WORK ORDER: Your task is to restate word for word the lines in the material below, from the one with "You are watching" up to and including the one with "We're also going". Do not carry over the pictures.

SOURCE INFORMATION:
[Start of Attachment]

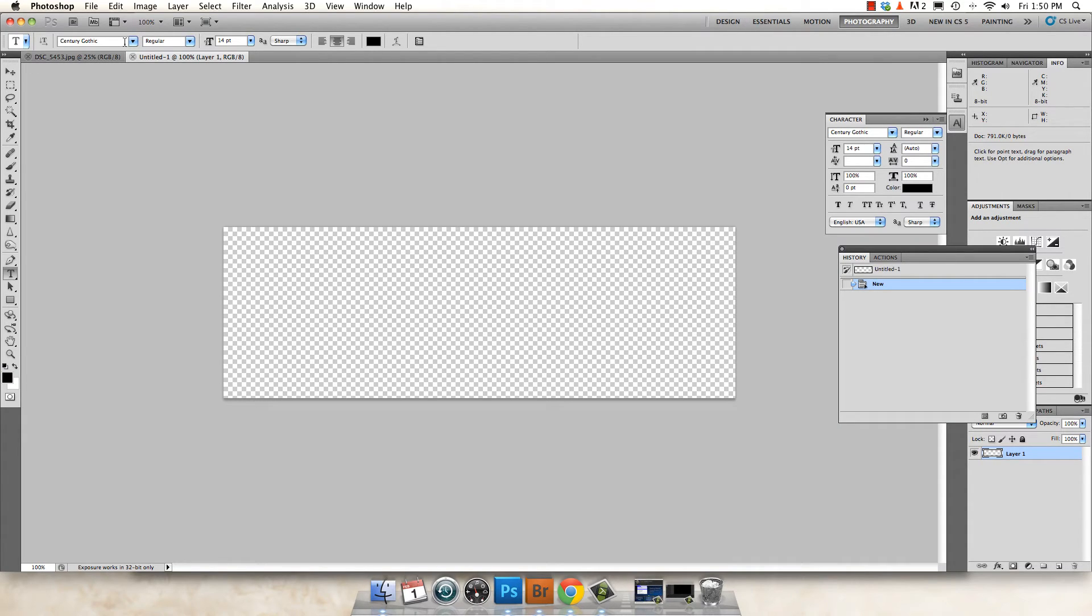And then you want to pick the font that you want for your watermark. I'm just going to leave it at Century Gothic for now.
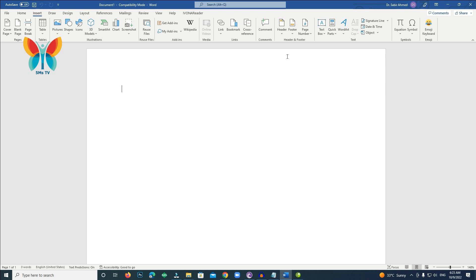You are watching 5msTV. In this video we will discuss how to download and install Emoji Keyboard and how to use it in your next Word document.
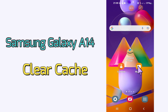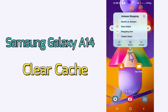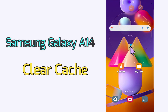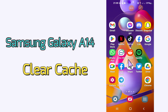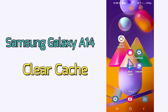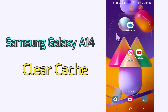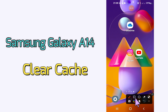Hello everyone, today in this video I am going to show you how you can clear cache in your device, Samsung Galaxy A14. I'll show you how you can do it. Before we start, if you are new to my channel, don't forget to subscribe and press the bell icon. Watch the complete video and learn how you can do it. Let's watch.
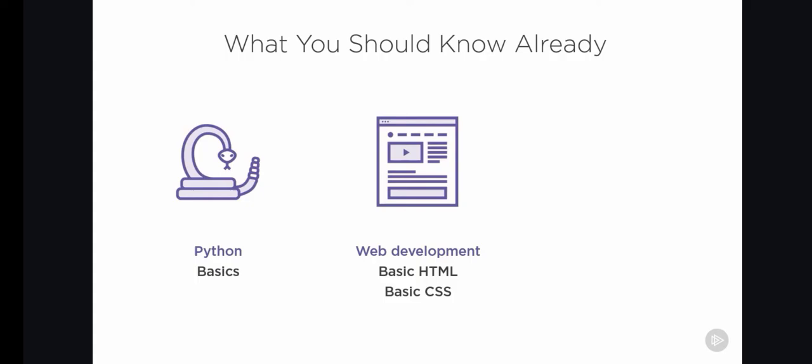We're also going to touch on the HTTP protocol a bit, which is the protocol that enables a browser to ask a server for a web page. But if you don't know about HTTP, don't worry, it's not hard at all, and I'll explain everything you need to know.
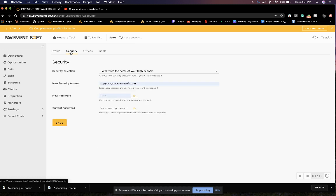Continuing at the top, we can change our security list where we can change our password, create a new password if we would like to, and we have our security question.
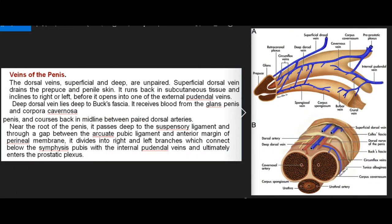Veins of the penis: The dorsal veins, superficial and deep, are unpaired. The superficial dorsal vein drains the prepuce and penile skin, runs back in subcutaneous tissue, and inclines to right or left before opening into one of the external pudendal veins. The deep dorsal vein lies deep to Buck's fascia, receives blood from the glans penis and corpora cavernosa, and courses back in the midline between paired dorsal arteries. Near the root of the penis, it passes deep to the suspensory ligament and through a gap between the arcuate pubic ligament and the anterior margin of the perineal membrane, dividing into right and left branches which connect with the internal pudendal veins and ultimately enter the prostatic plexus.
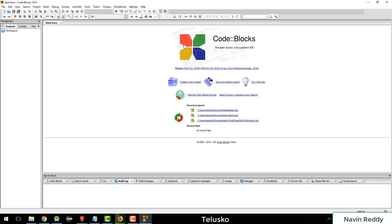Okay, so now we got a window here. This is Code Blocks. Again, it's an IDE.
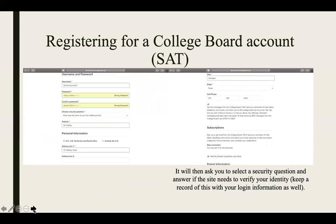Thereafter, as with the ACT, you will create a username and password. Make sure you keep this username and password in a safe, secure location, as you will need access to it throughout your collegiate career. You also have the option of choosing your security question — choosing one is required, but you may choose which question you'd like. Thereafter, you will enter your answer for the security question. Note that it is case sensitive, so keep that in mind.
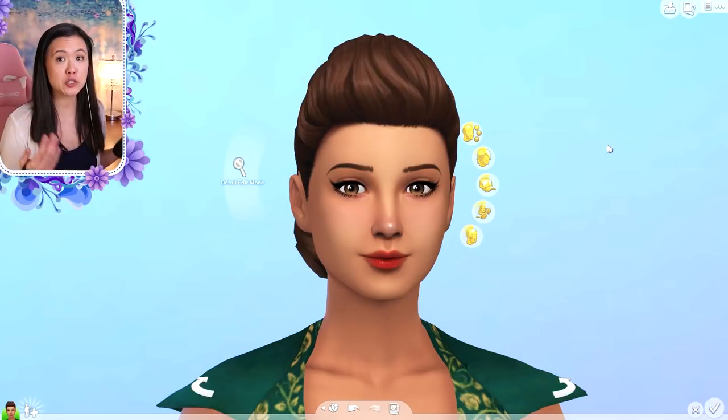Hello everyone and welcome back to another video, or welcome to my channel if you are new. Today I'm going to be showing you guys skin details that I cannot live without. I'm not going to show you all of them, just my favorites, the ones I highly recommend. I get a lot of questions asking what skin details and overlays I use for my sims, so I'll be linking all of them in the video description below.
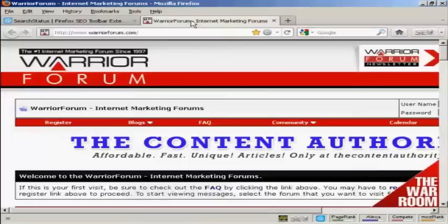The website I'm going to use for this demonstration is one that I know has a fair few backlinks, and this is the Warrior Forum. So to use this tool, what you do is you come to the website that you want to check.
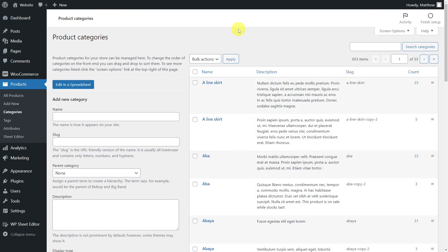Duplicates of your categories or tags can be created when importing products from Shopify or BigCommerce to WooCommerce. It can also happen because we create new tags or categories, forgetting that we already have them created.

[End of Attachment]

RESULT:
You are watching 5msTV. In this video we will discuss how to download and install Emoji Keyboard and how to use it in your next Word document.
Hello everyone, today in this video I am going to show you how you can clear cache in your device, Samsung Galaxy A14. I'll show you how you can do it. Before we start, if you are new to my channel, don't forget to subscribe and press the bell icon. Watch the complete video and learn how you can do it. Let's watch.
We're also going to touch on the HTTP protocol a bit, which is the protocol that enables a browser to ask a server for a web page. But if you don't know about HTTP, don't worry, it's not hard at all, and I'll explain everything you need to know.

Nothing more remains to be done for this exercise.